## Extracted data
──────
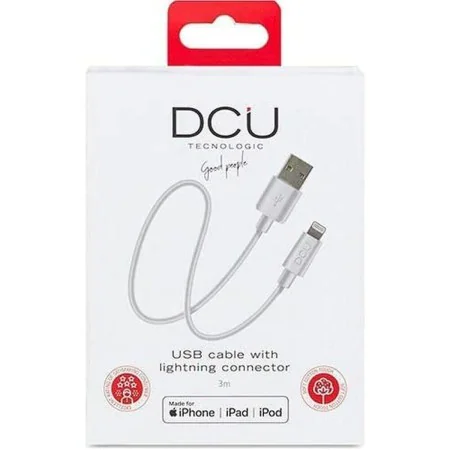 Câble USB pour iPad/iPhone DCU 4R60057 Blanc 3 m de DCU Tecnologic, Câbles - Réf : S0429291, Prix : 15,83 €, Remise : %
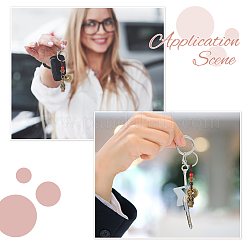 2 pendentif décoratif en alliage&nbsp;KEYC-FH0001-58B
──────
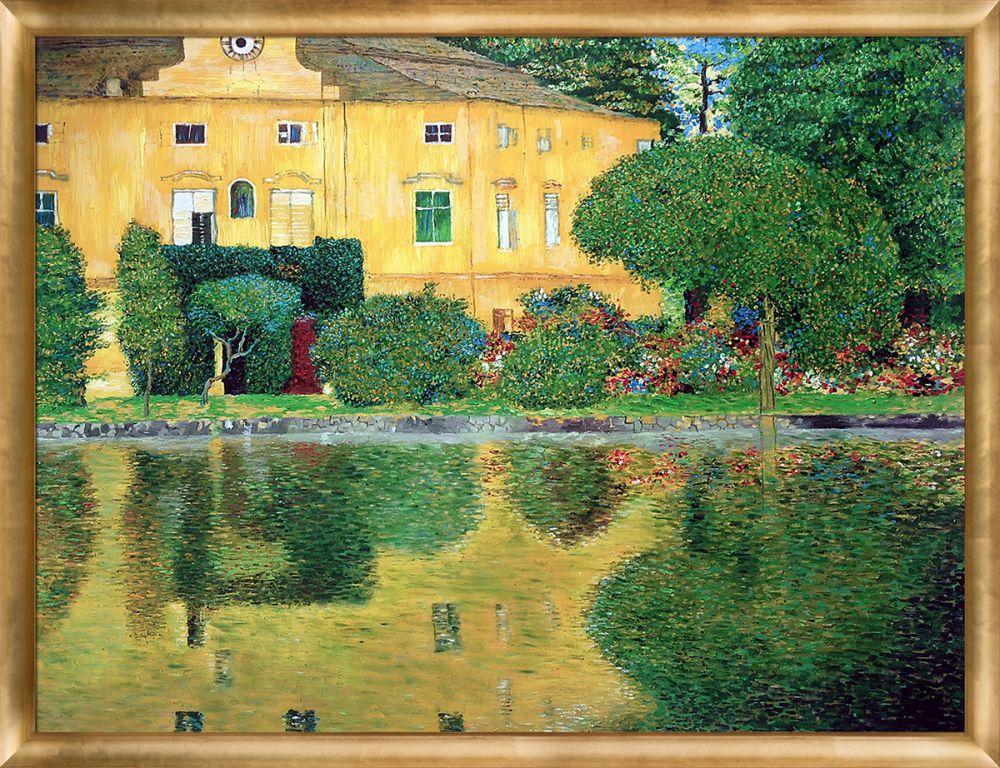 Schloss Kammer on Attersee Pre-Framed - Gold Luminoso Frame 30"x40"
──────
## Exercise requirements
Copy nothing but the lines above from the one with "Câble USB pour" to the one with "2 pendentif décoratif", inclusive, word for word. Leave every picture out.

## Output of the task
 Câble USB pour iPad/iPhone DCU 4R60057 Blanc 3 m de DCU Tecnologic, Câbles - Réf : S0429291, Prix : 15,83 €, Remise : %
 2 pendentif décoratif en alliage&nbsp;KEYC-FH0001-58B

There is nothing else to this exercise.